Participants expressed anxiety as the Davos Forum opened today about the drop in the price of oil, the Chinese slowdown and turbulence in financial markets, AP reported.


— Catherine A. Fitzpatrick
6 Killed, 24 Wounded After Suicide Bombing ‘Near Russian Embassy’ In Kabul
A suicide bombing has taken place this afternoon in the Afghan capital Kabul, “in an area close to the Russian embassy,” Reuters reports.

The blast took place on Darulaman Road, on which the embassy is located. 

But Russia’s LifeNews channel reports that a representative of the embassy had denied the bomber had targeted their building.

According to the embassy, the bomb went off 1-200 metres from the embassy “opposite the Afghan parliament.”

Indeed, we have compared photographs of the scene with Google’s satellite imagery of the area and, while the match is offset by the age of the Google Earth photos (which date from 2011), we can verify that the blast took place some distance down the road, closer to both the Polish embassy and the parliament: 

160120-kabul-loc.png

Click here for full scale image.

— Pierre Vaux

Ruble Falls to New Low at 81 to US Dollar; Putin Finds ‘Opportunity’ for Russian Business
The ruble fell in value on the Moscow stock market to 81 to the US dollar today, a new historical low not seen since the ruble crash in 1998, RBC.ru reported. The euro reached 88.48. Currently the ruble-to-dollar rate is 80.78, and the ruble is 88.11 euros, zenrus.ru reports.
The official rate of the dollar at the Central Bank was 79.46, and the euro was at 87.03.
President Vladimir Putin continues to try to spin this crisis as an opportunity to develop domestic business.
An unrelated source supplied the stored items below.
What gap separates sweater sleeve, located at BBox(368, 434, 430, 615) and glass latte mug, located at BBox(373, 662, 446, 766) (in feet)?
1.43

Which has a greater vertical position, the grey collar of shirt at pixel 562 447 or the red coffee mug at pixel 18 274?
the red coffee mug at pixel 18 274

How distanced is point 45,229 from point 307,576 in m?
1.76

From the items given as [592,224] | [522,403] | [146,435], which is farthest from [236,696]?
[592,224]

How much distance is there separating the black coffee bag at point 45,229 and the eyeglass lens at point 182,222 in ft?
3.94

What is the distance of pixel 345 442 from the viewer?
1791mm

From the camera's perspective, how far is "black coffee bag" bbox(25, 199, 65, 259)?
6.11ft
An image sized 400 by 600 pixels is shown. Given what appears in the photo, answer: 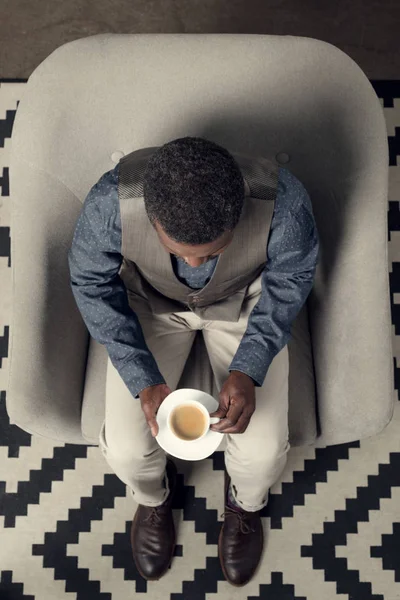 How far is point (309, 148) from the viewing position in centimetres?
154

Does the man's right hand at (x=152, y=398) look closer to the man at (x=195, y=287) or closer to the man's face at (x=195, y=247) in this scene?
the man at (x=195, y=287)

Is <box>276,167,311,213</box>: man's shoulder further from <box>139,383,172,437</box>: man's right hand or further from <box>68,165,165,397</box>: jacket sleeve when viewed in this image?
<box>139,383,172,437</box>: man's right hand

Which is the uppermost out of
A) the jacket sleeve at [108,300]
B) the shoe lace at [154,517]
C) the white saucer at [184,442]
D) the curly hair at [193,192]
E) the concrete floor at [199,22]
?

RBC.ru reported that at the All-Russian Forum of Entrepreneurs today, he said the fall in the value of the ruble opens up “additional opportunities, meaning the rate difference and some opportunities on the markets” for Russian business people (translation by The Interpreter):

“The last two years have been rather difficult for the economy, objective difficulties affected practically all her sectors, but it must be noted that on the whole, business withstood it, including small business.”
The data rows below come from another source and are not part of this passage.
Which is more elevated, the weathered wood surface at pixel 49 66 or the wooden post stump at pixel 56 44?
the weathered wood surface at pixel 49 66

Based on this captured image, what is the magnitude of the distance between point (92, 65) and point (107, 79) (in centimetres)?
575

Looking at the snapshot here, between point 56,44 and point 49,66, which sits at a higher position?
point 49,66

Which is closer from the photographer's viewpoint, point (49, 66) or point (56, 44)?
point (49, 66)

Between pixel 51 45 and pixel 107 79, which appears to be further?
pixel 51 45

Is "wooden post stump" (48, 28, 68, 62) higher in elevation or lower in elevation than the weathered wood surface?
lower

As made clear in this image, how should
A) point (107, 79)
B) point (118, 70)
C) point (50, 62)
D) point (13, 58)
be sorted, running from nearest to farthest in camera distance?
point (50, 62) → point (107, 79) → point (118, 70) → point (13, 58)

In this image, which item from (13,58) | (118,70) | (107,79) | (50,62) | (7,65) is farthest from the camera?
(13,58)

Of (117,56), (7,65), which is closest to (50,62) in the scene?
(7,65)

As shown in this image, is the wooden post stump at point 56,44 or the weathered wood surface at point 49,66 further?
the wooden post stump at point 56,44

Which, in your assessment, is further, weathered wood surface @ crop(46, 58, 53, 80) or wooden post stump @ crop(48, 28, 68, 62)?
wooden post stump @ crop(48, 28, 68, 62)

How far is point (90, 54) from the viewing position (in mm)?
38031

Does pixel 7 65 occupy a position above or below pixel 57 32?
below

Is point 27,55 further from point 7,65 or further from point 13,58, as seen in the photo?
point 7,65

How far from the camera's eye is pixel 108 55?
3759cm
He added that there was “a certain positive dynamic” in the number of new businesses appearing.

Interestingly, by saying “two years,” Putin may be tacitly acknowledging that Russia’s problems pre-date Western sanctions for the annexation of the Crimea in March 2014.
Russia’s crisis is tied to the price of oil, which is now down to $28.15 a barrel for Brent crude, and ongoing sanctions, but also huge deficits run up by provinces to make good on Putin’s 2011 campaign promises, lack of legal guarantees for private property, and corruption.

Some analysts expect the ruble to fall further in value, even to 100 per dollar, but others think it may have hit bottom with 80 to the dollar, said RBC. 

About 150 people whose housing loans were denominated in foreign currency gathered to protest at DeltaBank today, demanding that their loans be restructured, RBC.ru reported. Several of them chained themselves to the building. Authorities have enabled debtors with loans in rubles to restructure them, but have refused to do the same for those who took loans out in dollars or euros.

A similar protest was reported at BTB24 bank branch involving 50 people who demanded to speak with bank official to re-negotiate their loans, Gazeta.ru reported.